Однако тут же все сильно начали пятиться. Закричали спереди:
- Казаки!.. С пиками!..
- Ну вот!.. Не говорил я? - И Полезнов сильно потянул назад за руку поэтессу.
- Да какого вам черта нужно, послушайте! - обиделась та и тут же чуть на него не упала: нажали спереди, а когда оглянулся Иван Ионыч, оказалось, что видны были уж не лица, а затылки, и значительно стало свободнее. И вдруг золото волос рыжухи и шляпа магистра мелькнули мимо него и очутились уже сзади... Полезнов втянул голову в плечи, насколько смог, и кинулся за ними.
Он кинулся с большой силой, так что едва не сшиб с ног двух-трех подростков. Кто-то из них обругал его "боровом". От бега и сутолоки распустилась, он заметил, тугая коса девицы, и плескался перед его глазами конец ее золотой рыбкой.
Когда на дворе какого-то обшарпанного дома очутились они все трое - он, магистр и поэтесса, - переглянулись они дружелюбно, и вдруг и зоолог и рыжуха расхохотались почему-то так весело, что даже он зачмыхал носом и довольно покрутил головой.
- Совсем революция! - сказал он.
- Де-мон-стра-ция, господин Львов! - похлопал его по плечу зоолог. Пока еще только демонстрация, а ре-во-лю-ция будет своим чередом... Она не задолжится!
- Будет?.. Неужто как в девятьсот пятом? - несколько даже испуганно поглядел не на него Полезнов, а на рыжеволосую, подкалывавшую в это время косу: ей он все-таки больше верил.
- Нет, не как в девятьсот пятом, а го-раз-до лучше! - успокоила та.
- Значит, опять имения будут громить?
- А у вас что? Имение?.. Вы - помещик?
- Ну вот, какое там имение, что вы! - усмехнулся он: он действительно повеселел как-то оттого, что не успел стать помещиком, что был, и не очень давно, случай купить, небольшое правда, имение недалеко от Бологого и не так дорого, но он все-таки удержался, не купил, - оказалось, хорошо сделал.
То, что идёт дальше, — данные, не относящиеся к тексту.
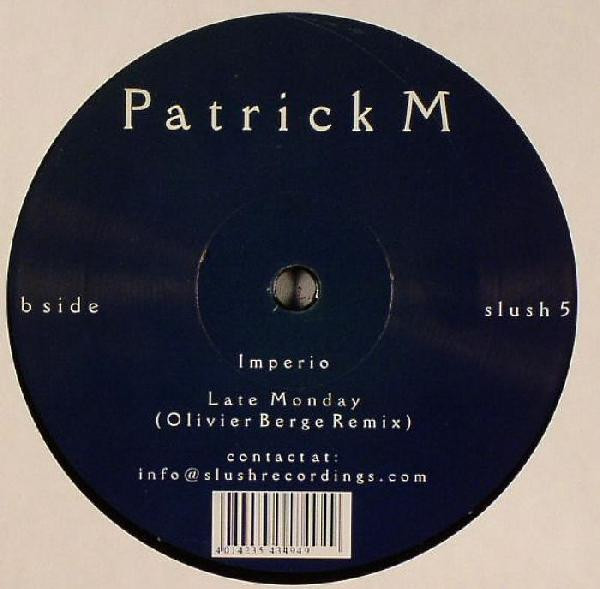 Patrick M - Late Monday | Slush Recordings (slush 5) - 2 Patrick M - Late Monday | Slush Recordings (slush 5) - 2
Во двор между тем порядочно набилось народу, и из ближней кучки какой-то тощий и высокий, но довольно легко одетый кричал сипло:
- А я вам говорю, что они заранее приготовились!.. На Невском везде патрули, я сам видел!.. И казачьи пикеты!..
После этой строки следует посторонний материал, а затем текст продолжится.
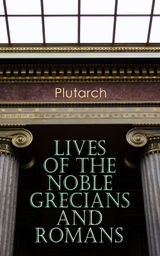 LIVES OF THE NOBLE GRECIANS AND ROMANS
Тут он жестоко закашлялся, согнувшись и двигая спиной, так что Полезнов сказал сожалея:
- Таким бы дома надо сидеть, а не по холоду с другими ходить!..
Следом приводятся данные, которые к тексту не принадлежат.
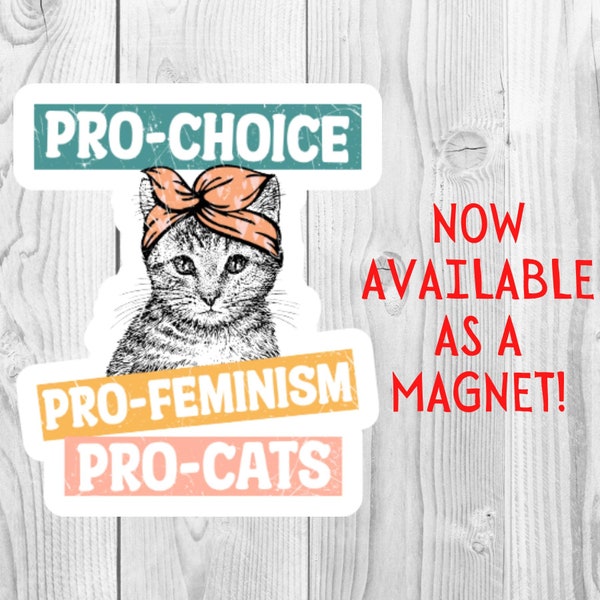 Pro-Choice, Pro-Feminism, Pro-Cats Magnet, Feminist Magnet, Feminism, Car Magnet, Fridge Magnet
Но длинная спина кашлявшего напомнила ему тоже длинного и худого князя Абашидзе, и он спросил зоолога с беспокойством:
- А как же с войной в подобном случае, если и в самом деле революция будет?
- К черту войну!.. Долой войну! - ответил тот очень решительно. Навоевались!.. Довольно!.. Вы согласны с этим, Лев Львович?
Полезнов решил обидеться.
- Дался вам какой-то Лев Львович! Меня Иван Ионычем зовут, если вам желается знать, а совсем не Лев Львович!
- Неужто не Лев Львович! - весело шутил бритый, а рыжуха все возилась с тяжелым слитком волос и смотрела куда-то в сторону.
Полезнов обиделся и на него и на нее тоже и, вдруг повернувшись решительно, пошел к воротам.
Улица была уже чиста; народ толпился только на тротуарах. Трое или четверо конных полицейских медленно передвигались около самых тумб и кричали:
- Про-хо-дите, вам сказано!.. Про-хо-ди-и та-ам!..
Иван Ионыч взял направление на Невский и пошел, выставив вперед правое плечо, как он всегда ходил в толпе, которую нужно было буравить.